_Excerpted records_
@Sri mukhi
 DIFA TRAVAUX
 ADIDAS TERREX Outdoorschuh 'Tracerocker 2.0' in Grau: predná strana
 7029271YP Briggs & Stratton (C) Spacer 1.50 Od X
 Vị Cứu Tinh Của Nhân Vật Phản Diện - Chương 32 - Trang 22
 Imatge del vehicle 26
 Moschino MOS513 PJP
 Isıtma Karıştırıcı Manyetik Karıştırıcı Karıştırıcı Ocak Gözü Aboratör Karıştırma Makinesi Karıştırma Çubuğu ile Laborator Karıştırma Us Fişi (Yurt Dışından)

_Task instructions_
Write out each line exactly, as it is shown above.

_Answer to the exercise_
@Sri mukhi
 DIFA TRAVAUX
 ADIDAS TERREX Outdoorschuh 'Tracerocker 2.0' in Grau: predná strana
 7029271YP Briggs & Stratton (C) Spacer 1.50 Od X
 Vị Cứu Tinh Của Nhân Vật Phản Diện - Chương 32 - Trang 22
 Imatge del vehicle 26
 Moschino MOS513 PJP
 Isıtma Karıştırıcı Manyetik Karıştırıcı Karıştırıcı Ocak Gözü Aboratör Karıştırma Makinesi Karıştırma Çubuğu ile Laborator Karıştırma Us Fişi (Yurt Dışından)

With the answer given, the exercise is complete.